- **Problem to work on**: From the data below, return all lines holding the string "Used".

(Data supplied begins)

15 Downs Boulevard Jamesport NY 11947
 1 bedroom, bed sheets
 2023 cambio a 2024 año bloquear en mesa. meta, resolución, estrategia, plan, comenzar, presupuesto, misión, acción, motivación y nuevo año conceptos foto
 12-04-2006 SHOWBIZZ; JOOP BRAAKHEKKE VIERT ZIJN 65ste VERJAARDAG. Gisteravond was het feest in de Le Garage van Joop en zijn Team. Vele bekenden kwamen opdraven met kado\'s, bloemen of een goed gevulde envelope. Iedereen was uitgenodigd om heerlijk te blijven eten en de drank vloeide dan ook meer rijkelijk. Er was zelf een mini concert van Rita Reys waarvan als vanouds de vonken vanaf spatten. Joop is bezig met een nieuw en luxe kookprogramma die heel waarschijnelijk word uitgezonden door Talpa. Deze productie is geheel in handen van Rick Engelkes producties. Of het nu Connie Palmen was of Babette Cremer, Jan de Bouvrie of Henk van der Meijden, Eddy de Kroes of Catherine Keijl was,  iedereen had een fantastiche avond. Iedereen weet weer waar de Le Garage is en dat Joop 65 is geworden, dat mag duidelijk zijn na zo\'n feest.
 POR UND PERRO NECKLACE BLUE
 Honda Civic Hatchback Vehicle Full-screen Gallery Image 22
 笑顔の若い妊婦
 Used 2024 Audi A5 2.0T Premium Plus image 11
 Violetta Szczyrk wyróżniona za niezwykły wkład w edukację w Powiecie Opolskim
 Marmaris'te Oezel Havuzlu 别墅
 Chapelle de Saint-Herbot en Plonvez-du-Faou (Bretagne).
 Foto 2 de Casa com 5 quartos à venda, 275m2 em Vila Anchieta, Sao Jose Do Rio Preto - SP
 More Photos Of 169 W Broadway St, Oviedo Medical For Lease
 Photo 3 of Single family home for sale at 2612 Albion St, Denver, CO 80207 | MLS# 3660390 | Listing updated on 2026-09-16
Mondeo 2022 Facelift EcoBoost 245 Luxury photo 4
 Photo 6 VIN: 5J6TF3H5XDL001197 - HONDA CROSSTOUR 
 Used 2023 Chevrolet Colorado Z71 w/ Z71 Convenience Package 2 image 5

(Data supplied ends)

- **Exercise output**:
 Used 2024 Audi A5 2.0T Premium Plus image 11
 Used 2023 Chevrolet Colorado Z71 w/ Z71 Convenience Package 2 image 5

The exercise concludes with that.